The huge corruption case swirling around Brazilian oil company Petrobras is being called the world’s largest, and increasing numbers of Norwegian companies seem to be getting tangled up in it. Norwegian bosses mostly claim no knowledge of any bribes being paid, but investigations are underway on several fronts.
Sevan Marine’s rig deals with Petrobras are not the only business transactions with the corruption-embroiled Brazilian company that are sounding alarms. Several other Norwegian companies are also having to investigate their own transactions because of suspected bribery.
Newspaper Dagens Næringsliv (DN) reported on Monday that the latest company feeling a need to probe suspected or unwitting involvement in the Petrobras scandal is Akastor, which was spun off from the large Norwegian oil supply company Aker Solutions in 2014. It’s now run by Kristian Monsen Røkke, son of the wealthy self-made Norwegian industrialist controlling Aker Solutions, Kjell Inge Røkke.

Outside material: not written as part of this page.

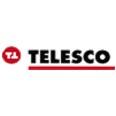 TELESCO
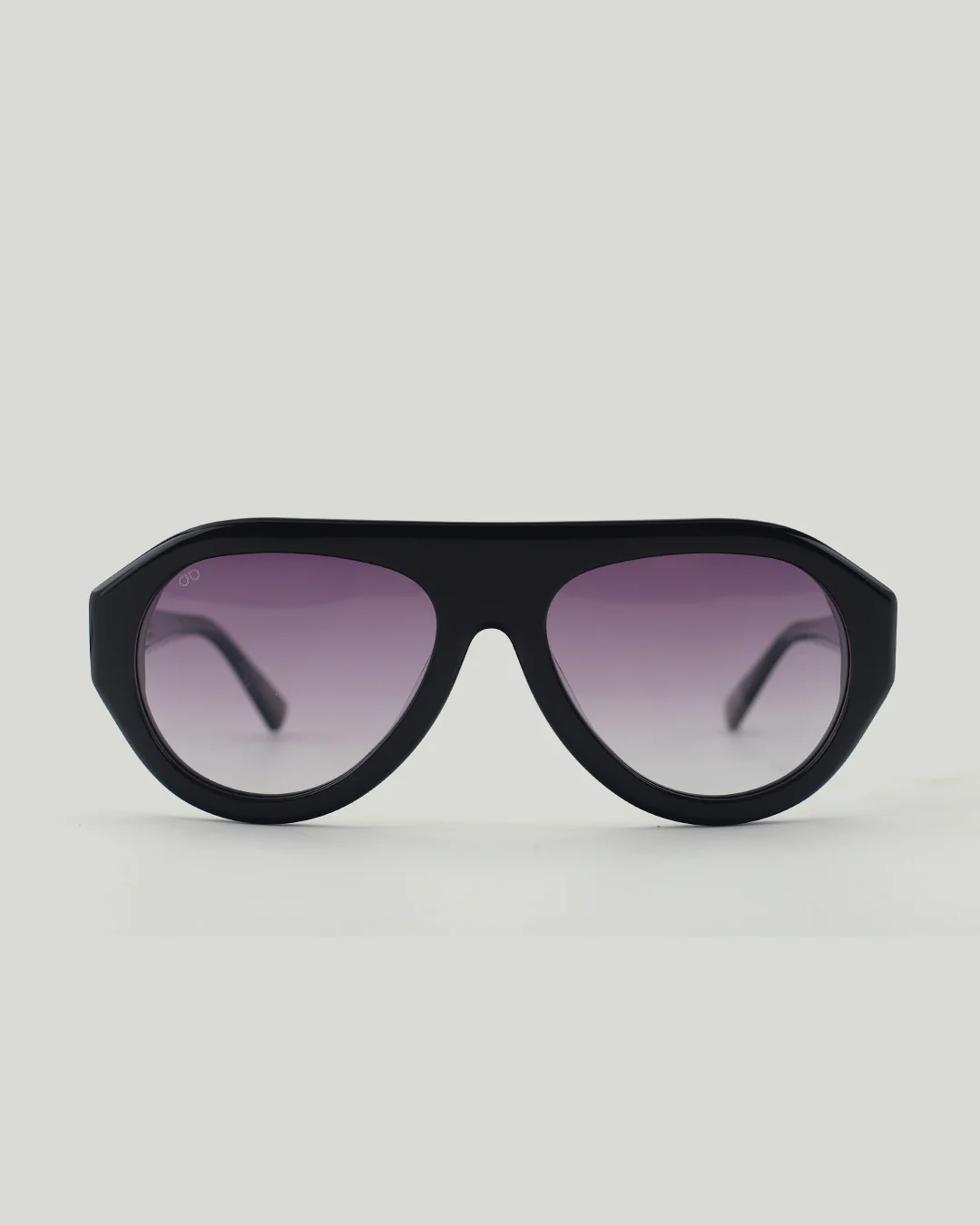 FCCollectionC3-T1_editada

In addition to new questions tied to payments made by an Akastor subsidiary, both criminal and internal investigations already are underway regarding the involvement of another large Norwegian company, Sevan Marine of Arendal, with Petrobras. DN reported that other Norwegian firms faced with questions about their own dealings with Petrobras include LMG Marin of Bergen, Subsea 7 controlled by London-based Kristian Siem and Rolls Royce Marine.
Norwegian companies as a whole have invested an estimated NOK 175 billion (USD 20 billion) in Brazilian ventures, a volume that has prompted various Norwegian government ministers and members of the royal family to make a string of official trips to Brazil in recent years. Monica Mæland, Norway’s current trade minister, was in Brazil this spring with Crown Prince Haakon and a large Norwegian business delegation, officially to enhance ties with Brazilian companies. They arrived, however, in a country plagued by political chaos, corruption allegations, ill effects of the dive in oil prices and high unemployment rates.
“This is a country in a critical situation,” Mæland told DN. “One main reason is the corruption which has been and still is a major problem, first and foremost at Petrobras, combined with the economic downturn in the oil and gas industry.”